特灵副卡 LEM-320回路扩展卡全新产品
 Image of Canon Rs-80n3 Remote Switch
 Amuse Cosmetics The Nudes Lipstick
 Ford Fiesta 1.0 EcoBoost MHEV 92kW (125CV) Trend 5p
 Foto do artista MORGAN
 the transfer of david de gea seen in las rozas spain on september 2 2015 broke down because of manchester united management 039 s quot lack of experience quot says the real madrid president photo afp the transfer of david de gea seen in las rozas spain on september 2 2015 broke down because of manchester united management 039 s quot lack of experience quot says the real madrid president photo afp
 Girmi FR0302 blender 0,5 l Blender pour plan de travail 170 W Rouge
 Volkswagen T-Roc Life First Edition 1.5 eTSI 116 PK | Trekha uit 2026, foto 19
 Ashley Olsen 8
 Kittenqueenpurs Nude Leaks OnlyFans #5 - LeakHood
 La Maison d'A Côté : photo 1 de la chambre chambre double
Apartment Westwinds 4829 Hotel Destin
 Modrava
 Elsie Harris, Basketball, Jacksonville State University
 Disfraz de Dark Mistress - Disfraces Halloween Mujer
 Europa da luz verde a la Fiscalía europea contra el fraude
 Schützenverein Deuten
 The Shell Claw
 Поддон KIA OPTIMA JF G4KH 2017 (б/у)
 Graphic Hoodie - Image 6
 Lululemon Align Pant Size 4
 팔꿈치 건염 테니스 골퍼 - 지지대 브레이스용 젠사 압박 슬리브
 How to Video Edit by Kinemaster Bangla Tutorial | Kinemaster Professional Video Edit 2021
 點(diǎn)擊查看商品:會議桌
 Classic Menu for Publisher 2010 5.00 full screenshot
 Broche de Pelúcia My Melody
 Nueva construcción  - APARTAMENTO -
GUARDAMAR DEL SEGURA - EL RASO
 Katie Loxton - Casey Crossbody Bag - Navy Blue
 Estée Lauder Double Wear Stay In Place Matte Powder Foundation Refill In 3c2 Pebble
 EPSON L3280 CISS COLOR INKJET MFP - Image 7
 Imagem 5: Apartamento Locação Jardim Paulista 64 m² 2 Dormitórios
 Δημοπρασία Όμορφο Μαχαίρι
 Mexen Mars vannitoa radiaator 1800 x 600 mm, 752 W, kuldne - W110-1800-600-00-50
------------
• **What you have to do**
Reproduce the entire listing word for word.

• **Expected answer**
特灵副卡 LEM-320回路扩展卡全新产品
 Image of Canon Rs-80n3 Remote Switch
 Amuse Cosmetics The Nudes Lipstick
 Ford Fiesta 1.0 EcoBoost MHEV 92kW (125CV) Trend 5p
 Foto do artista MORGAN
 the transfer of david de gea seen in las rozas spain on september 2 2015 broke down because of manchester united management 039 s quot lack of experience quot says the real madrid president photo afp the transfer of david de gea seen in las rozas spain on september 2 2015 broke down because of manchester united management 039 s quot lack of experience quot says the real madrid president photo afp
 Girmi FR0302 blender 0,5 l Blender pour plan de travail 170 W Rouge
 Volkswagen T-Roc Life First Edition 1.5 eTSI 116 PK | Trekha uit 2026, foto 19
 Ashley Olsen 8
 Kittenqueenpurs Nude Leaks OnlyFans #5 - LeakHood
 La Maison d'A Côté : photo 1 de la chambre chambre double
Apartment Westwinds 4829 Hotel Destin
 Modrava
 Elsie Harris, Basketball, Jacksonville State University
 Disfraz de Dark Mistress - Disfraces Halloween Mujer
 Europa da luz verde a la Fiscalía europea contra el fraude
 Schützenverein Deuten
 The Shell Claw
 Поддон KIA OPTIMA JF G4KH 2017 (б/у)
 Graphic Hoodie - Image 6
 Lululemon Align Pant Size 4
 팔꿈치 건염 테니스 골퍼 - 지지대 브레이스용 젠사 압박 슬리브
 How to Video Edit by Kinemaster Bangla Tutorial | Kinemaster Professional Video Edit 2021
 點(diǎn)擊查看商品:會議桌
 Classic Menu for Publisher 2010 5.00 full screenshot
 Broche de Pelúcia My Melody
 Nueva construcción  - APARTAMENTO -
GUARDAMAR DEL SEGURA - EL RASO
 Katie Loxton - Casey Crossbody Bag - Navy Blue
 Estée Lauder Double Wear Stay In Place Matte Powder Foundation Refill In 3c2 Pebble
 EPSON L3280 CISS COLOR INKJET MFP - Image 7
 Imagem 5: Apartamento Locação Jardim Paulista 64 m² 2 Dormitórios
 Δημοπρασία Όμορφο Μαχαίρι
 Mexen Mars vannitoa radiaator 1800 x 600 mm, 752 W, kuldne - W110-1800-600-00-50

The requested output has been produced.